### TRY IT
Strip the pictures and reproduce the rest of the listing exactly.

### GIVEN MATERIAL
|---|

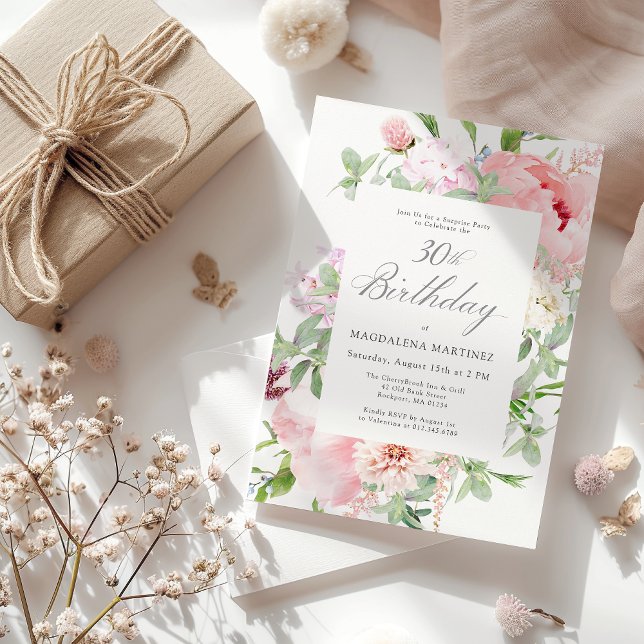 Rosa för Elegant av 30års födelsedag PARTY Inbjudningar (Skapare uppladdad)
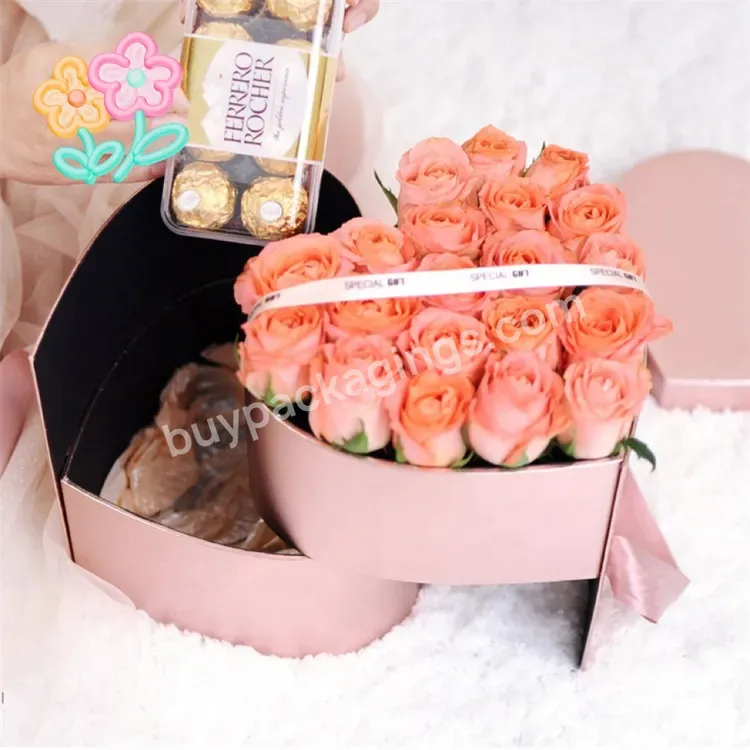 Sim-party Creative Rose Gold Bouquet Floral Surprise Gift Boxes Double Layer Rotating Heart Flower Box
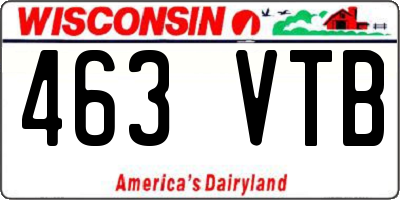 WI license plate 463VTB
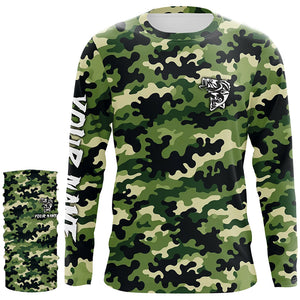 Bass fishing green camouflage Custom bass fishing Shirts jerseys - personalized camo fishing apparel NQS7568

|---|

### ANSWER SPACE
 Rosa för Elegant av 30års födelsedag PARTY Inbjudningar (Skapare uppladdad)
 Sim-party Creative Rose Gold Bouquet Floral Surprise Gift Boxes Double Layer Rotating Heart Flower Box
 WI license plate 463VTB
 Bass fishing green camouflage Custom bass fishing Shirts jerseys - personalized camo fishing apparel NQS7568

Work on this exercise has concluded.